(DATA FOR THIS TASK)

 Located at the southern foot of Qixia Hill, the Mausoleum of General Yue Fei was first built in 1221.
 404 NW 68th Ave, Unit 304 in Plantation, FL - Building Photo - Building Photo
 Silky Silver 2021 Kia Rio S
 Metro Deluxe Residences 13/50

(End DATA FOR THIS TASK)
(DATA FOR THIS TASK)

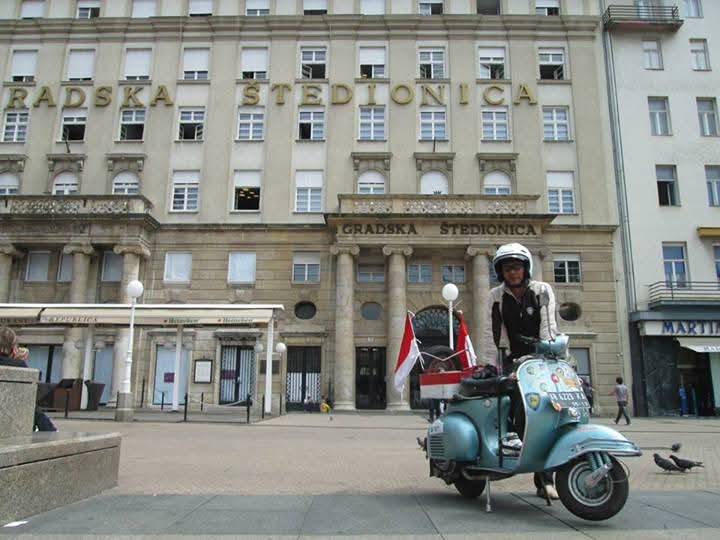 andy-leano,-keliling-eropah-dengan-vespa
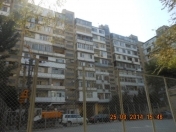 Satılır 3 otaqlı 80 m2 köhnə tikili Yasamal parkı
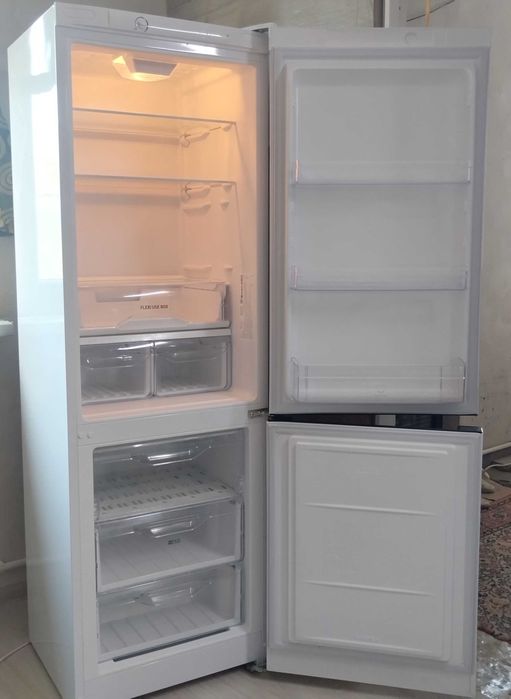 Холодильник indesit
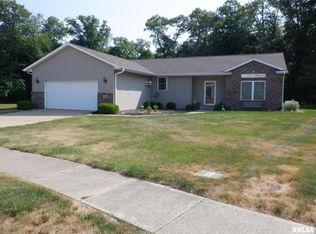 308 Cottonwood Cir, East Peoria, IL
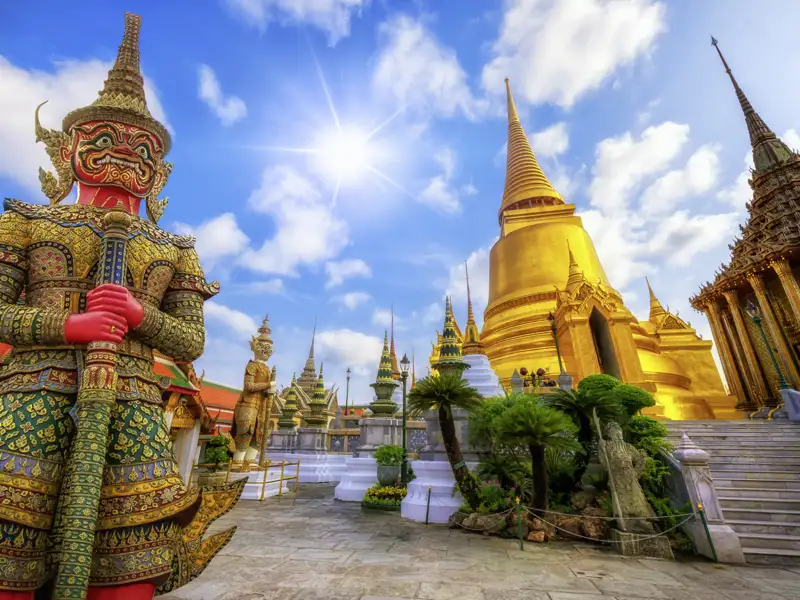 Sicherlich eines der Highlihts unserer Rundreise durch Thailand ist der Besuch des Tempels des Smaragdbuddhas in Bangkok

(End DATA FOR THIS TASK)

#### TASK PROMPT
Can you repeat, word for word, every line above from the one containing "Located at the" down to the one containing "Metro Deluxe Residences 13/50", including both?

#### ANSWER TO THE EXERCISE
 Located at the southern foot of Qixia Hill, the Mausoleum of General Yue Fei was first built in 1221.
 404 NW 68th Ave, Unit 304 in Plantation, FL - Building Photo - Building Photo
 Silky Silver 2021 Kia Rio S
 Metro Deluxe Residences 13/50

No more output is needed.